Through his first 11 years at K-State, Norris saw 32 academic distinctions given to his golfers.
Norris came to K-State from UTEP, where he led the Miners to six NCAA West Regional appearances (1990, `91, `93, `95, `96, `97), while coaching two-time All-American and 1995 Western Athletic Conference Player of the Year Ryan Hietala during his seven-year stint as head coach. His 1990, `91 and `95 squads appeared in the NCAA Championship and he had individuals take part at nationals in 1994 and 1997.
Prior to becoming the head golf coach at UTEP, Norris played on the PGA Tour, where he brought home four tournament titles in his nine-year career. Norris holds the distinction of going through qualifying school three times and qualifying each time. His first victory came at the 1980 California State Open.
Norris' second victory on the tour came at the 1982 Greater Hartford Open held at Wethersfield Country Club. Norris won the Greater Hartford Open in a convincing fashion, as he defeated Ray Floyd and Hubert Green by six strokes. Norris fired a tournament record 72-hole score of 63-64-66-66--259 (-25), a record which still stands. Norris' tournament record at the Greater Hartford Open is the fifth-longest standing tournament scoring record on the PGA Tour.

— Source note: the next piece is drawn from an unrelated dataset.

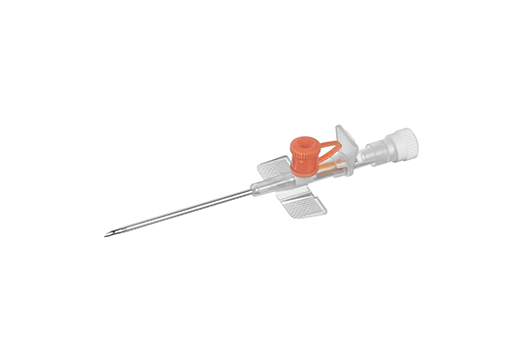 Greiner Bio-One - CLiP® Ported Safety I.V. Katheter PUR 14G x 45mm - VP144511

Norris' third tournament title came at the Spalding Invitational Pro-Am in Pebble Beach, Calif., in 1986. Norris carded an unthinkable second round score of 64 at the Pebble Beach Golf Links, which is tied for the third lowest score in the course's storied history. The round of 64 at Pebble puts him in a group with only a few others that have accomplished the same feat. Other PGA Tour greats that have shot a 64 at Pebble include Paul Azinger, Ray Floyd, Jeff Sluman, Payne Stewart and Tiger Woods.
Norris' final victory came in 1992 at the Sun Country PGA Championship at Santa Teresa, N.M. Norris won the tournament while he was the head coach at UTEP.
Overall, Norris had a very successful professional career, recording nine other top 10 finishes during his nine years on the Tour. His professional career ended prematurely due to an injury to his right hand.
Collegiately, Norris starred at Fresno State, where he was a two-time All-American. Norris' 1980 stroke average of 71.89 stood atop the Bulldog's all-time single-season scoring charts for 20 years. The 1980 season was a very successful year for Norris as he garnered first team All-American honors. He went on to earn Fresno State Athlete of the Year accolades. During the 1978-79 season, Norris was tabbed a second team All-American after transferring to FSU from Fresno City College.
A native of Fresno, Calif., Norris and his wife, Shelley, reside in Manhattan with their daughter, Ashley and son, Tyler.